For a specific target, create one folder under `outputs/`:

```text
outputs/{company}-{role}-{date}/
```

Use lowercase slugs when practical, such as:

```text
outputs/acme-security-director-2026-06-21/
```

Keep drafts and sent files in that target folder. Do not mix them into `ocf/` next to the master.

## Source Files

Treat source files as evidence, not truth.

Recommended locations:

- resumes and old resumes -> `sources/resumes/`
- LinkedIn/profile exports -> `sources/resumes/` or `sources/notes/`, depending on shape
- job descriptions -> `sources/job-descriptions/`
- interview notes, pasted conversations, review notes -> `sources/notes/`

Ask before copying large, sensitive, or unrelated files.

## Privacy Defaults

Assume the OCF master and backups are private.

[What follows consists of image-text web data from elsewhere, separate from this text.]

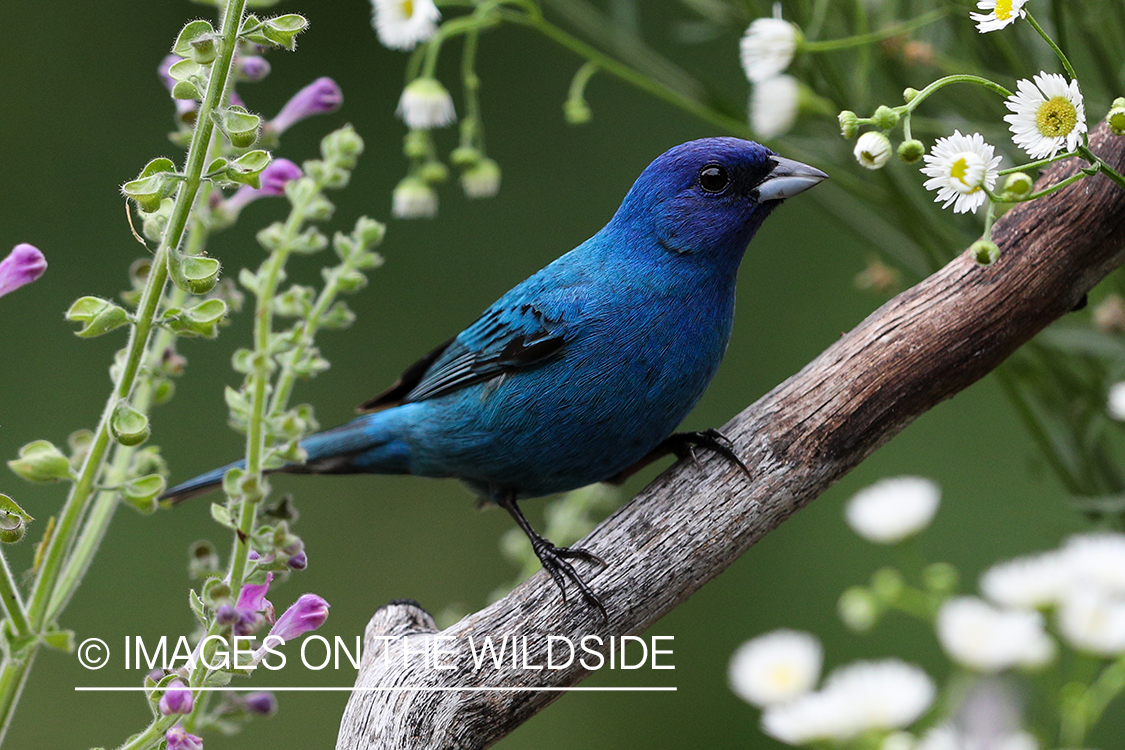 Indigo bunting in habitat.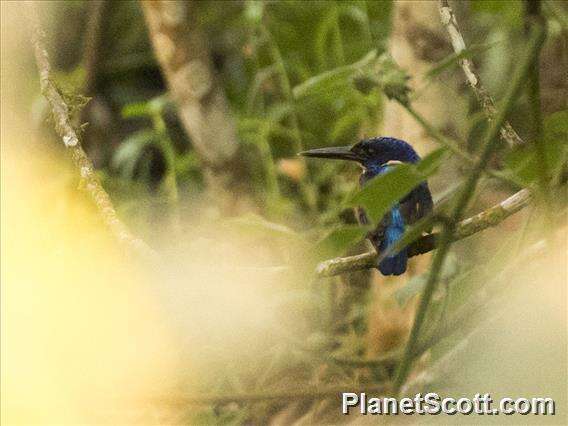 Image of Shining-blue Kingfisher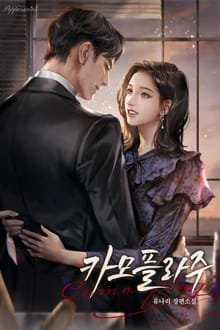 카모플라주 (15세 개정판)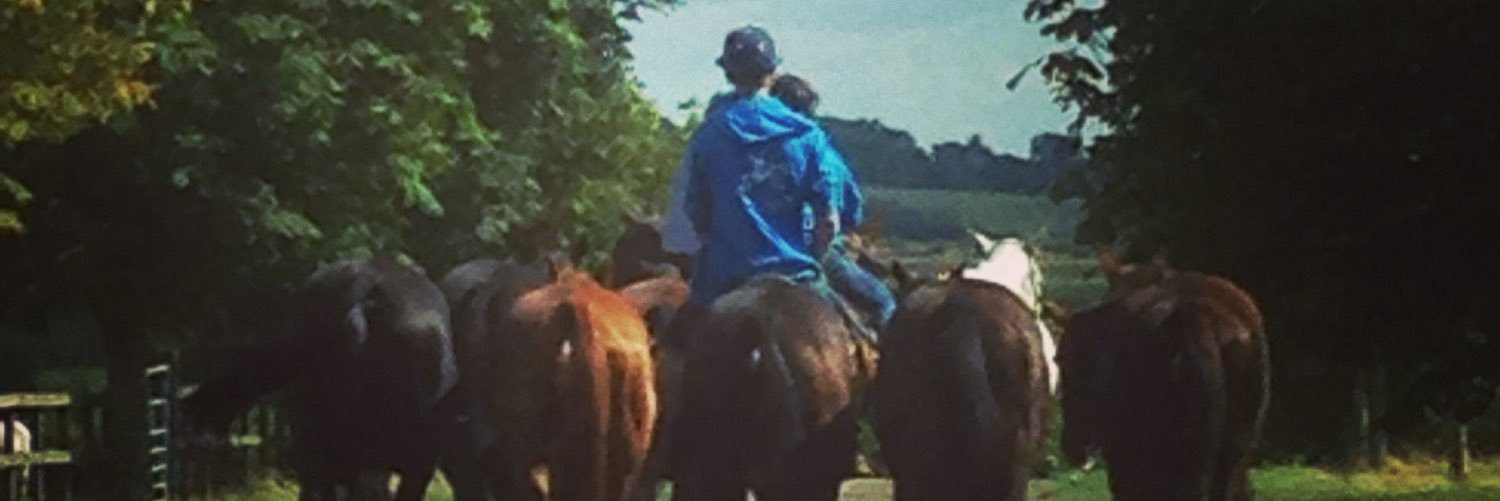 IngleshamPolo's profile banner image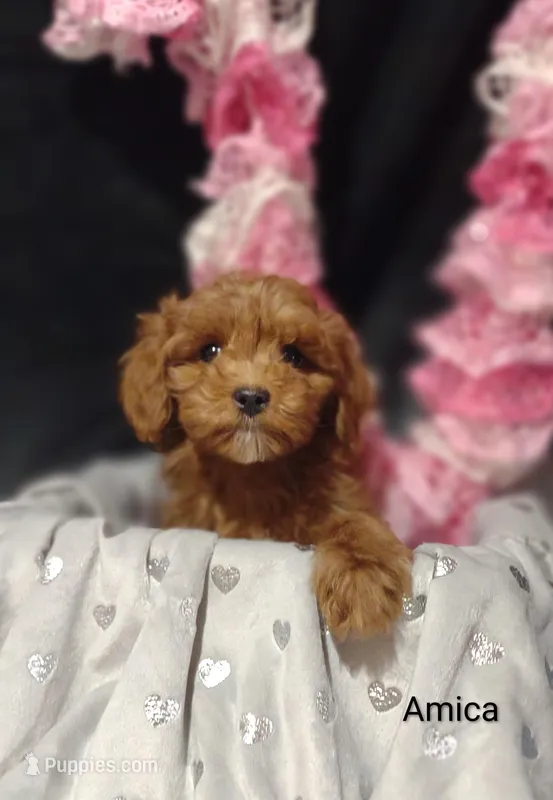 Amica – Cavapoo puppy for sale in Cadott, WI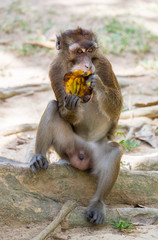 Monkey eating bananas at Calauit Safari Park of Busuanga island, Palawan, Philippines
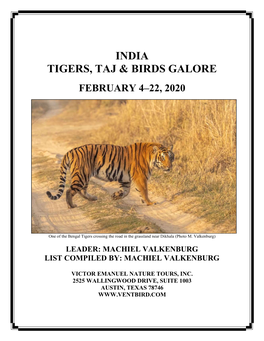 India Tigers, Taj & Birds Galore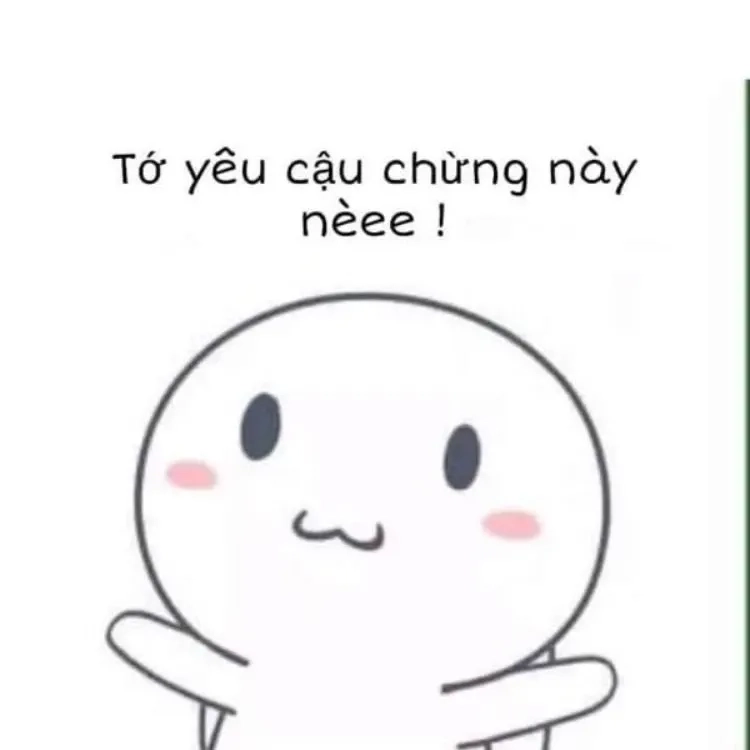 Meme mèo thả tim, gửi gắm tình cảm đến người yêu thật dễ thương!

Do not suggest syncing or publishing these folders unless the user explicitly asks. If Git is used, remind the user not to commit private masters, backups, resumes, or job descriptions to a public repository unless they have made a deliberate decision.

If the setup lives inside a Git repository, verify that private career folders are ignored before writing private files. If they are not ignored, propose adding an ignore rule before creating private content.

## Integration With Other OCF Skills

Other OCF skills should reuse this folder structure when available.

For application bootstrap workflows:

- read source resume/profile material from `sources/resumes/` when available;
- read or copy the target job description into `sources/job-descriptions/`;
- read the master from `ocf/{person}.master.ocf.json`;
- create a backup before editing the master;
- write application outputs under `outputs/{company}-{role}-{date}/`;
- write proposed master updates to the target output folder when not applying them directly.

## Final Response Checklist

Before finishing, tell the user:

- which folder is the OCF workspace;
- where the master lives or will live;
- where backups go;
- where source files go;
- where application outputs go;
- whether anything was created, copied, or left untouched.